The definition of exercise doesn’t need to include running marathons or lifting heavy weights. For many, staying active is as simple as a ten-minute walk. Many of the dog owners in the MSU study got their exercise by walking or running, and others burned calories during long games of fetch. For some people, even getting up several times a day to let a dog outside or feed them a treat is movement they’d otherwise be missing out on. In addition to more steps taken and more miles walked, the study also found dog owners are more likely to participate in physical activities like sports and even gardening. Sometimes the dog is directly involved (anyone ever plays backyard football with a dog on your team?), and other times simply having a companion out in the yard is enough encouragement to stay off the couch and on your feet.

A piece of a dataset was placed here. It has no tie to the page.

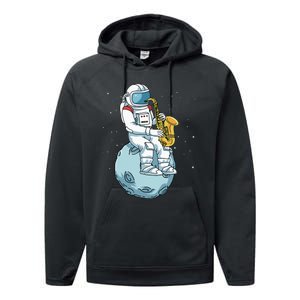 Saxophone Men Women Saxophonist Gifts Jazz Music Performance Fleece Hoodie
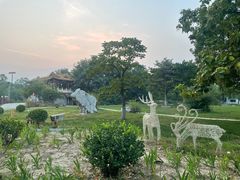 -稻香湖景欢乐岛温泉城堡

Fighting That Sedentary Lifestyle
Another study from the Journal of Epidemiology and Community Health made similar conclusions and went on to study how factors including weather, number of daylight hours, and other commitments affect exercise habits. The overall trend was that people were more likely to slip into a sedentary lifestyle when the weather was cold or wet and the days were short. Out of 3,100 total study subjects, 18% owned dogs. Researchers found that dog owners were less likely to let environmental factors and scheduling conflicts interfere with their regular exercise. In fact, they found dog owners exercise more on bad weather days than people without dogs do on the sunniest, best days.
Unlike human walking partners, dogs don’t care what time it is or what the weather channel predicts. They’re always ready to go, and they have a habit of getting their way. They’ll bark and misbehave if they don’t get their exercise, and that is usually enough to convince a person to lace up their shoes and grab their favorite dog harness and leash. It can be irritating, but that push is the key to why dog owners exercise more than they would if their life didn’t revolve around a fluffy, wet-nosed family member. That increased activity is a literal life-saver when it comes to fighting obesity and maintaining heart health.
Lace Up and Keep Up
Having a dog is an extra incentive to get up and move, but all dogs are different. Katrina Adams, 26, owns a one-year-old Border Collie mix named Pippa. With Pippa’s age and breed, she needs rigorous exercise every day to keep her happy and out of trouble. Katrina said,
“She [Pippa] is the most active breed on planet Earth. She literally cries and pants in circles if she can’t go to the park to play frisbee.”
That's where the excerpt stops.